The only question I have here is about the end where I said that $T(0) = 0$. Can I make that assumption or am I missing something?

• No. For all linear maps, $T(0)=0$. Just a remark: it's not because the vectors are linearly dependent that you can pull out the scalars. It's just because $T$ is a linear map. Nov 22, 2017 at 19:35
• Please familiarize yourself with MathJax.
– user499203
Nov 22, 2017 at 19:38
• $\{v_j\}_{j=1}^{n}$ is linearly depended implies that that there are constants $\{a_j\}$ such that $v_1 = \sum_{j=2}^{n} a_j v_j$. Applying $T$ to this and exploiting linearity, we have $$Tv_1 = T\left( \sum_{j=2}^{n} a_j v_j \right) = a_j\sum_{j=2}^{n} Tv_j,$$ which shows dependence. Nov 22, 2017 at 19:40
• Yes, your proof is fine. The one that always causes students difficulties is the other direction. Is it true that if $v_1,\dots, v_p$ are linearly independent, then $T(v_1),\dots,T(v_p)$ are likewise? If not, give an example and give a sufficient hypothesis to make it be true. Mar 9, 2021 at 1:37

As noted in the comments, $T(0) = 0$ holds for any linear map:

$$T(0) = T(0 + 0) = T(0) + T(0) = 2T(0) \implies T(0) = 0$$

A bit easier is to show the contrapositive of your statement: if $\{Tv_1, \ldots, Tv_p\}$ is linearly independent, then $\{v_1, \ldots, v_p\}$ is also linearly independent.

Take scalars $\alpha_1, \ldots, \alpha_p$ such that $0 = \alpha_1 v_1 + \cdots + \alpha_p v_p$.

Apply $T$ on both sides:

$$0 = T(0) = T(\alpha_1 v_1 + \cdots + \alpha_p v_p) = \alpha_1 Tv_1 + \cdots + \alpha_p Tv_p$$

Therefore, $\alpha_1 = \ldots = \alpha_p = 0$, which shows that $\{v_1, \ldots, v_p\}$ is linearly independent.
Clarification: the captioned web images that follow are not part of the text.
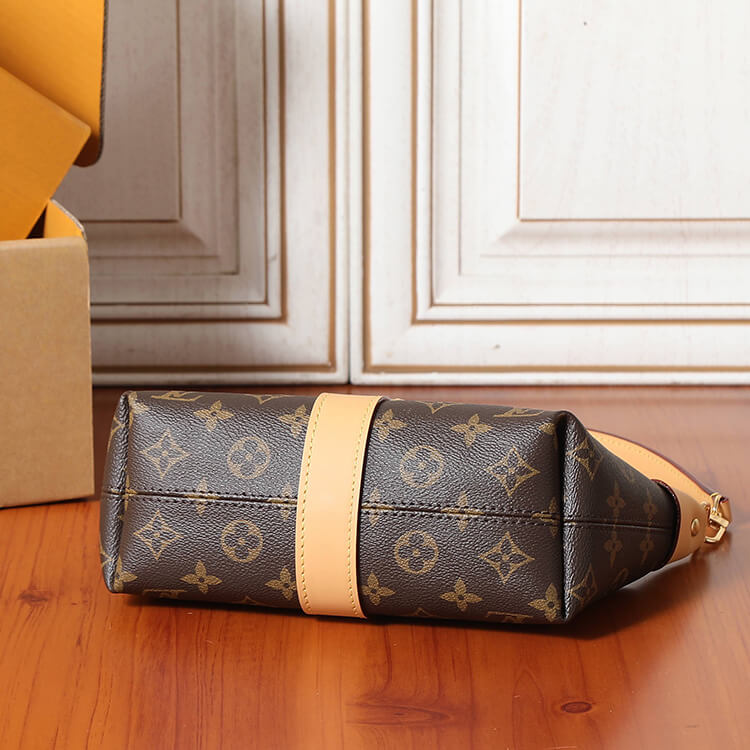 Replica-LV-Pochette-Mia-M26191-5.jpg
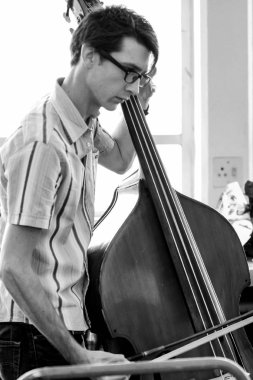 Johannesburg, Güney Afrika - 28 Ağustos 2010: Müzik okulu orkestrasında çeşitli gençler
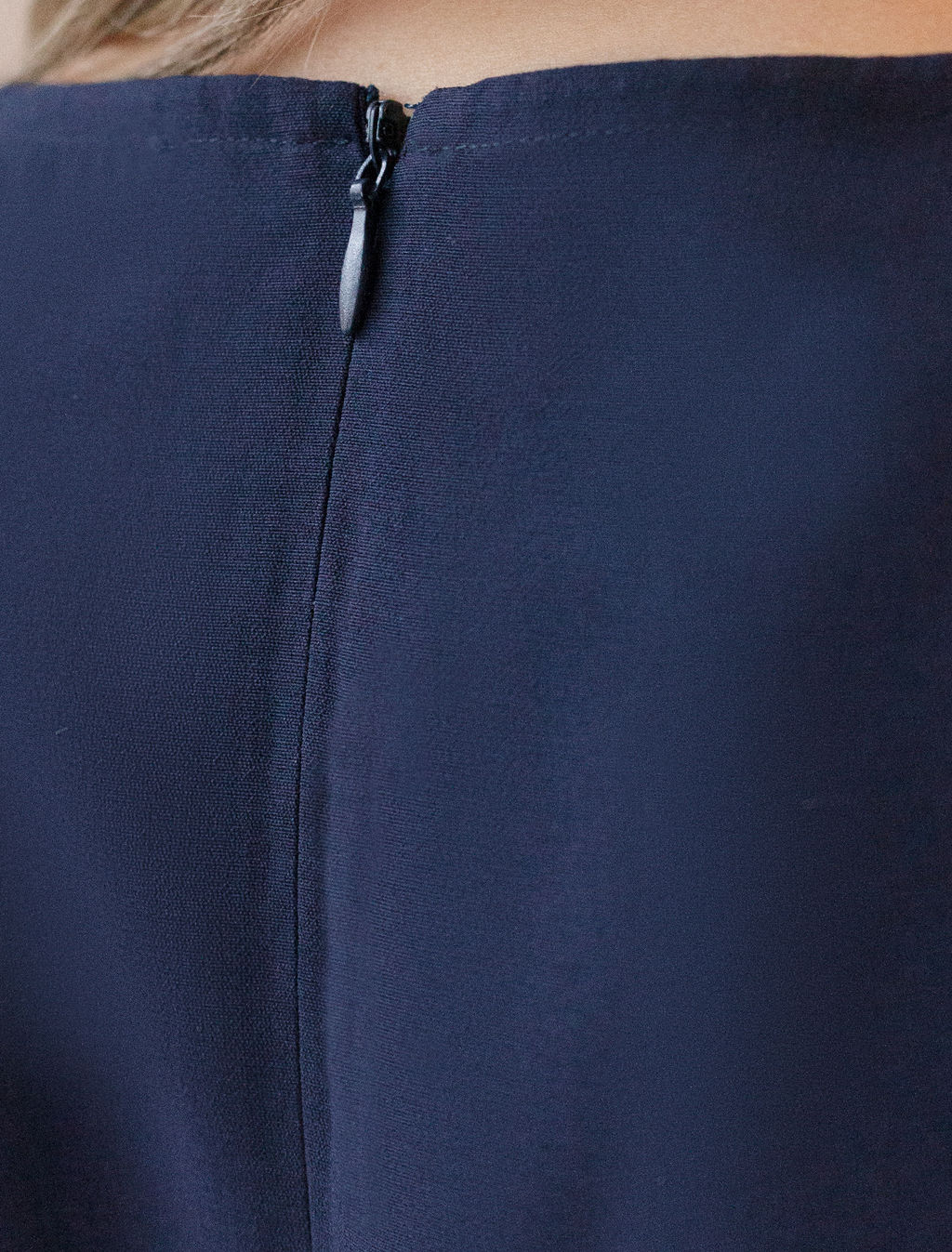 Платье Vilatte из лиоцелла с полиэстером темно-синий  фото 5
• Yes, I agree that that would be easier but the teacher wanted us to avoid that so we could really see what was going on in the transformation. Does what I have make sense at least? Nov 22, 2017 at 20:45
• @BretHisey Yes, your proof is perfectly valid. Nov 22, 2017 at 20:46

By linearity of $$T$$ you have

$$T(\alpha u+\beta v)=\alpha T(u)+\beta T(v)$$ for scalars $$\alpha,\beta$$ belonging to underlying field and $$u,v\in V$$.

Put $$\alpha=\beta=0$$ to see $$T(0)=0$$.